Leur expertise s’avère précieuse mais quand un scénario imprévu arrive, la décision peut remonter jusqu’au sommet de la pyramide. "Il faut être capable d’interagir entre les différentes composantes de l’équipe pour prendre une décision rapide. En fonction du degré de risque et d’opportunité, ça peut monter jusqu’au team principal."

"Fernando Alonso a une intelligence stratégique incroyable. Tout le monde se demande comment il peut avoir une telle perception de la course de là où il est."

Cyril Abiteboul, ancien patron de l'écurie Renault F1

à franceinfo: sport

Concentré sur sa course, le pilote intervient peu sur la stratégie. En revanche, ses informations sont capitales sur la réalisation ou non de la stratégie imaginée. "Eux seuls peuvent savoir à quel point ils économisent la voiture et les pneus pour arriver là où ils sont."

Dans son baquet, il est le mieux placé pour choisir les pneus en cas de pluie ou de piste séchante. Sa vision sur la sortie d’une voiture de sécurité est prise en compte. "Ils ont une grande compréhension de ce qui se passe autour des safety car, un paramètre extrêmement important cette année car les écarts se sont resserrés. Ça peut faire gagner 5, 10, 15 secondes. Dans un peloton très compact, ça peut faire cinq places." Mais tous n'apportent pas autant : "Tous les pilotes ne sont pas identiques et n’ont pas tous la même acuité sur la stratégie", précise Cyril Abiteboul. 

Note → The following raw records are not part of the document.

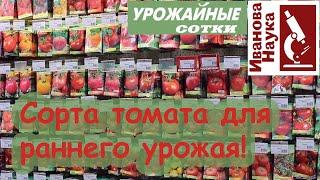 Лучшие сорта томата для "ленивых", которые не поздно посеять! Без фитофторы и с урожаем.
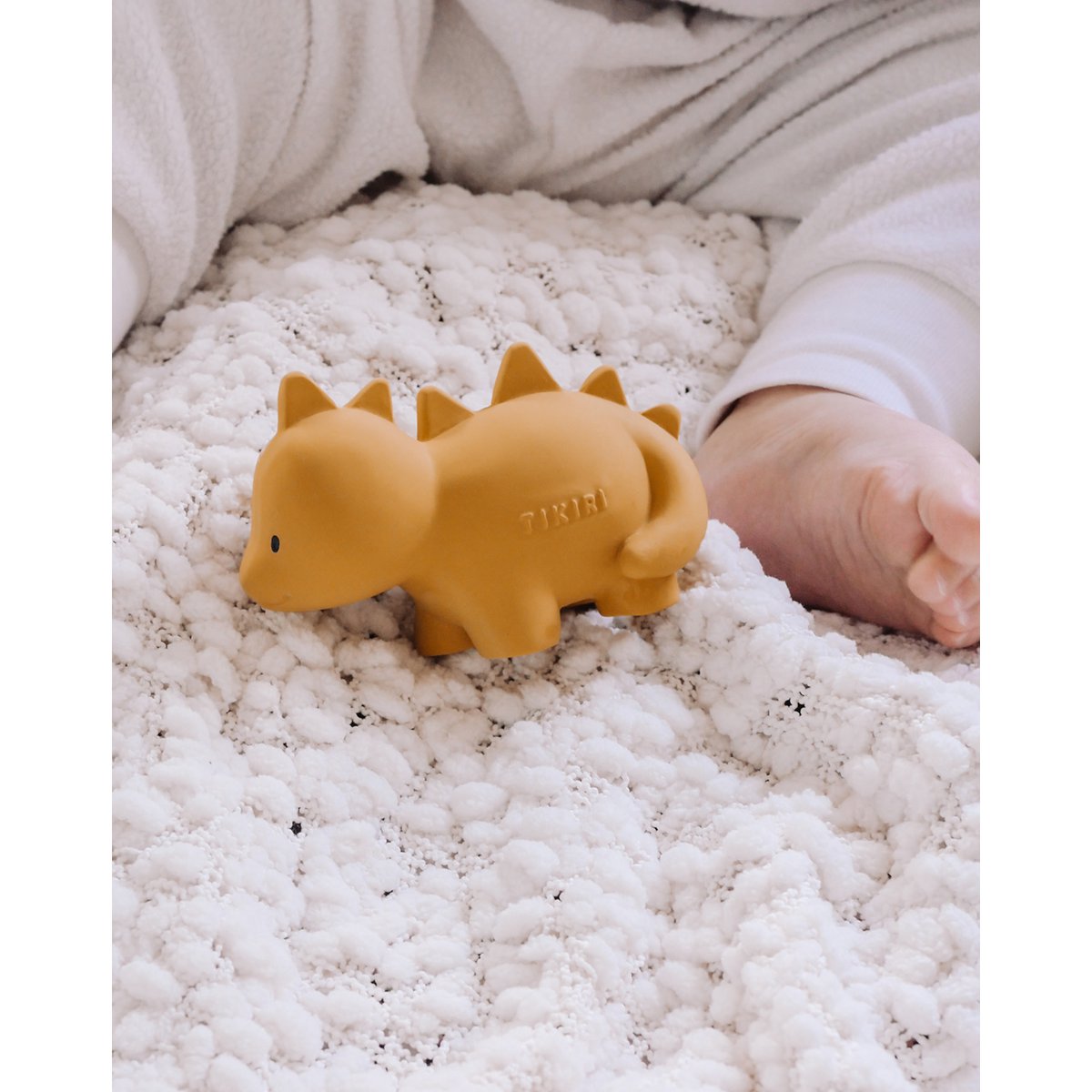 My First Dinosaur Stego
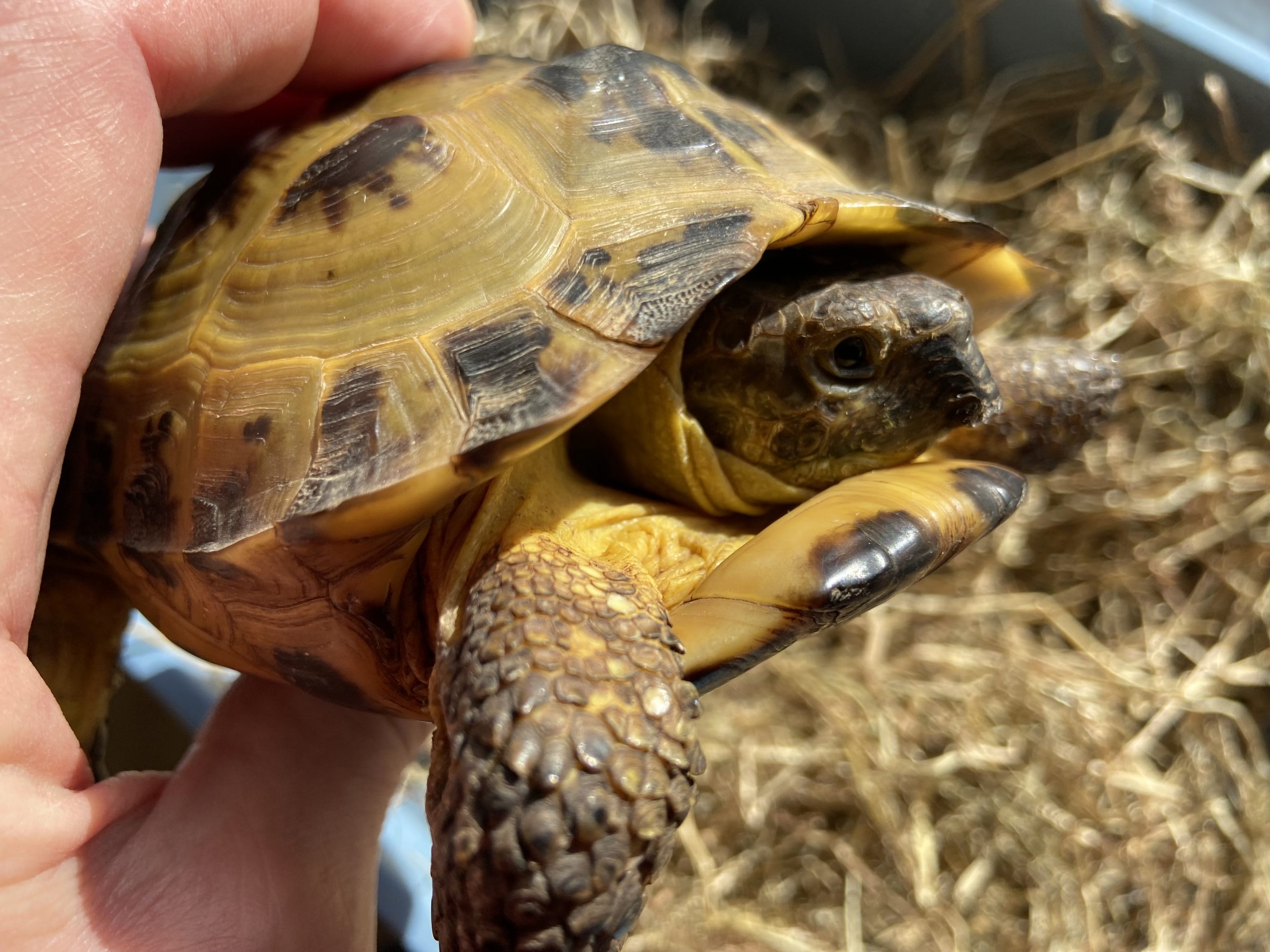 10% October Discount on all tortoises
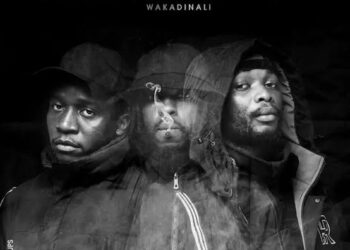 DOWNLOAD Wakandinali – Sikutrambui mp3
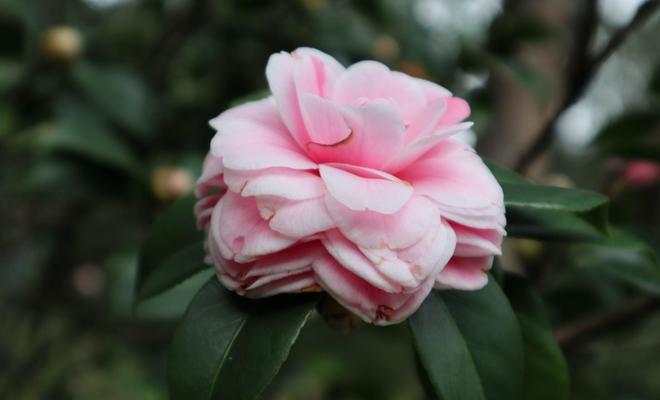 白色山茶花的花语（白色山茶花）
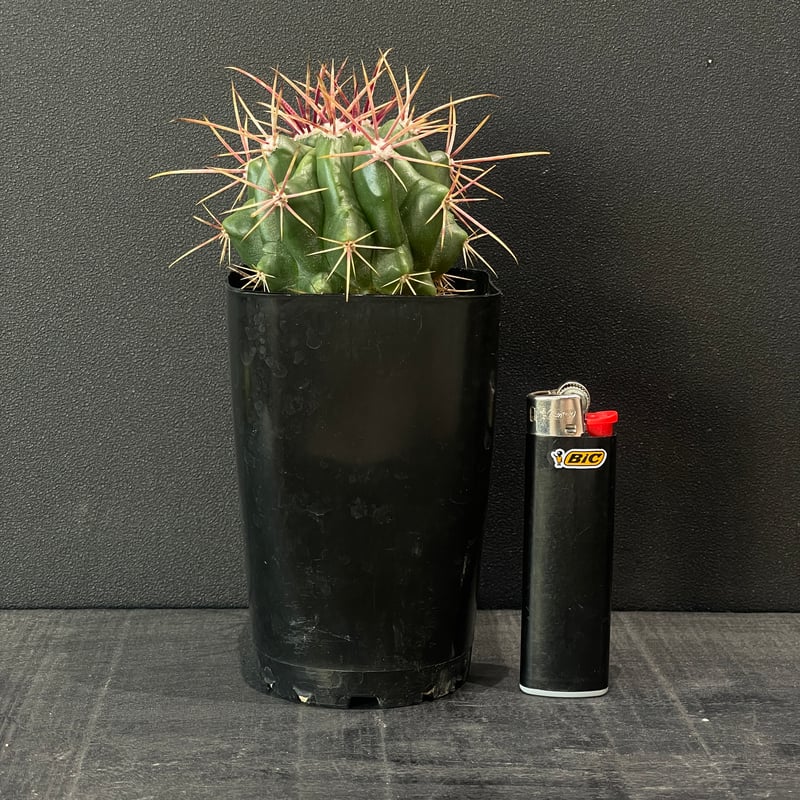 サボテン フェロカクタス 赤鳳 × プラ鉢 | 最終的にサボテン サボテン フェロカクタス 赤鳳 × プラ鉢 | 最終的にサボテン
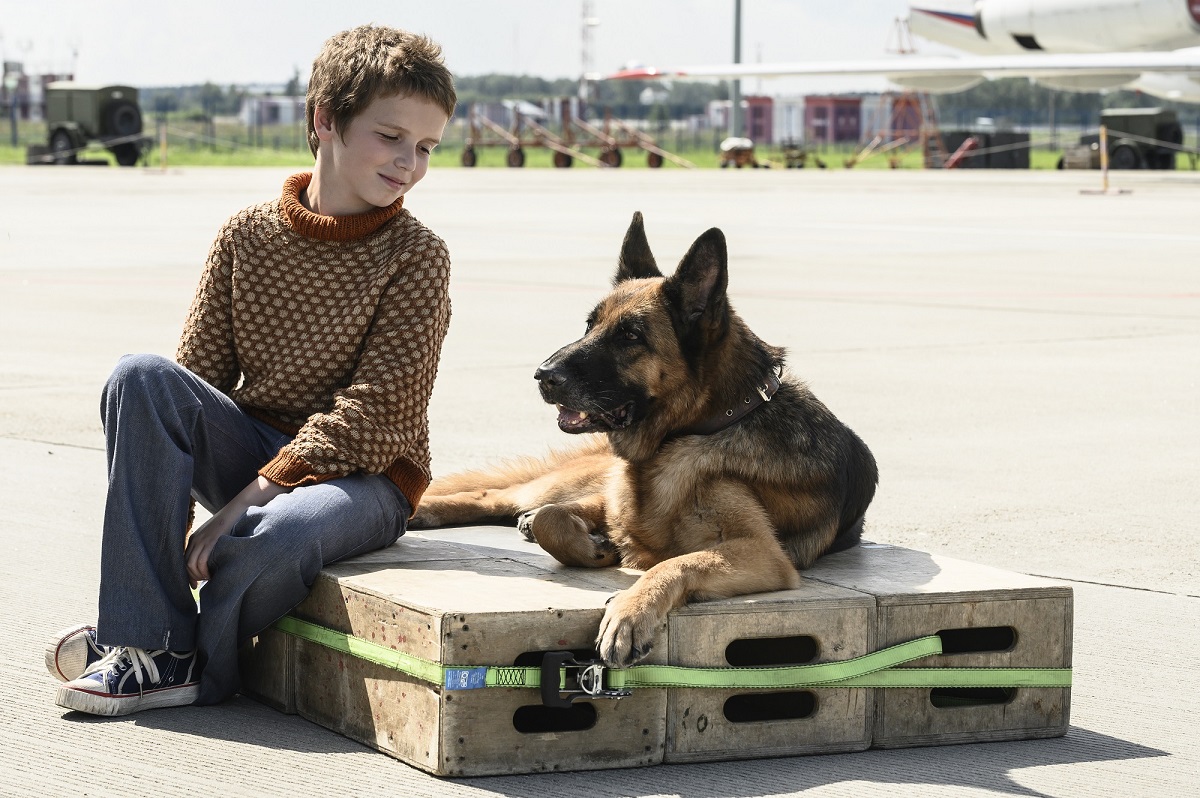 モスクワの空港で飼い主待ち続ける犬のパルマと少年コーリャの絆　映画「ハチとパルマの物語」特報公開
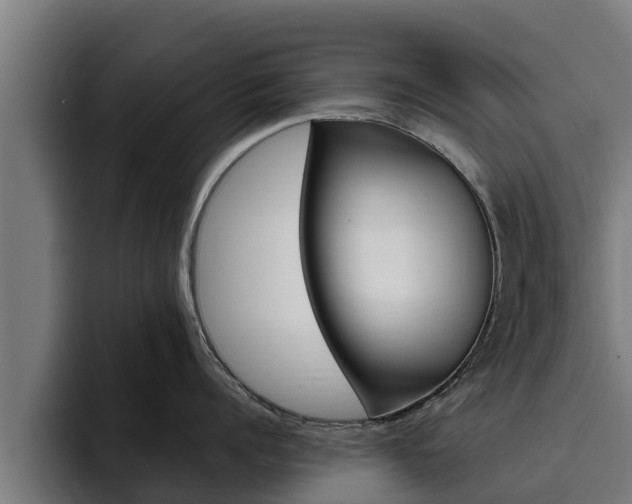 X0000094780960200711160848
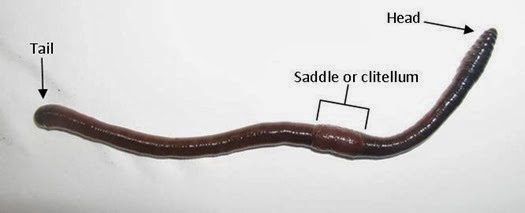 [Worm_thumb2.jpg]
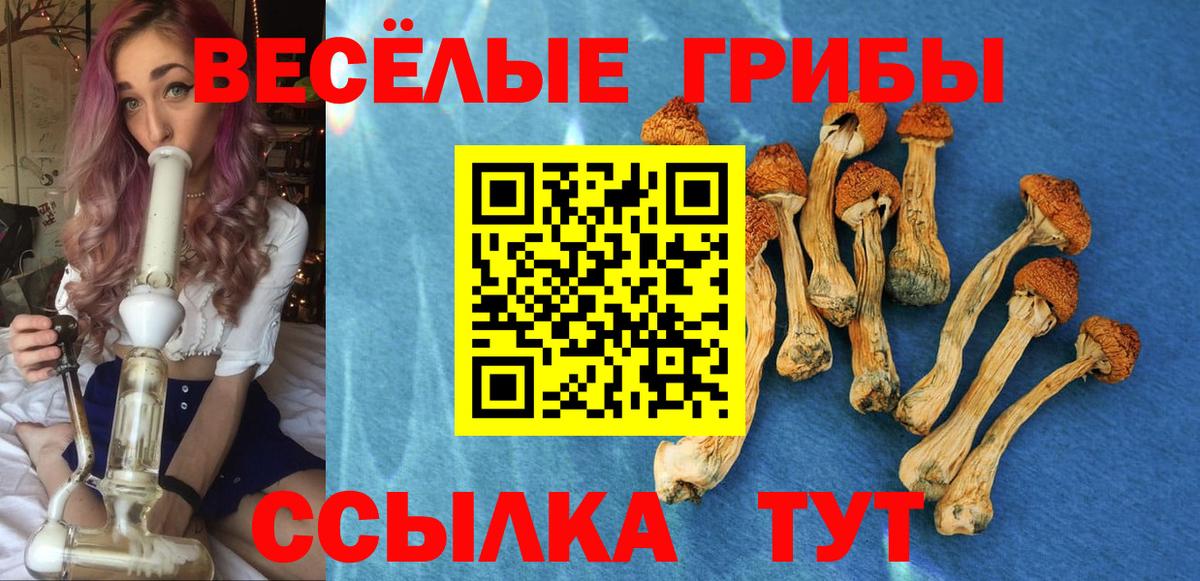 Ирбит  Псилоцибиновые грибы Psilocybine cubensis  Галлюциногенные грибы ЛСД  Вход с VPN 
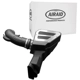 Purchase Top-Quality Kit d'admission de filtre à air haute performance par AIRAID - 450-356 pa32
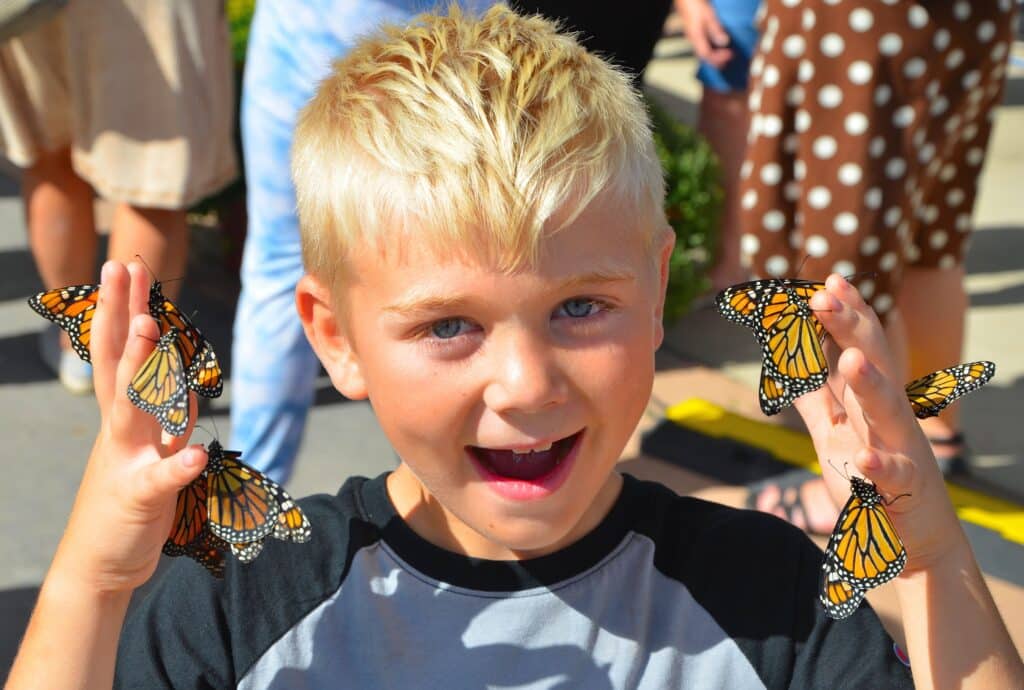 Boy with Butterflies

Devenu une arme tactique depuis plusieurs saisons, qu’est-ce que l’undercut ?

Dépasser un adversaire sans le doubler en piste, c’est possible. Fruit d’un choix stratégique audacieux mais calculé, l’undercut est devenu une arme redoutable. Le principe est simple : rentrer au stand un ou deux tours avant son rival et profiter de l’avantage de ses pneus neufs pour grignoter suffisamment de temps afin de rester devant lui quand il reviendra en piste après avoir changé ses pneus à son tour.

"C’est passionnant de voir qui va être suffisamment courageux pour plonger le premier dans les stands. C’est un moment assez jouissif, un jeu intellectuel de se dire à partir de quand on peut y aller avec suffisamment de chances pour que cela fonctionne. C’est très puissant et déterministe. Mais ça marche vraiment.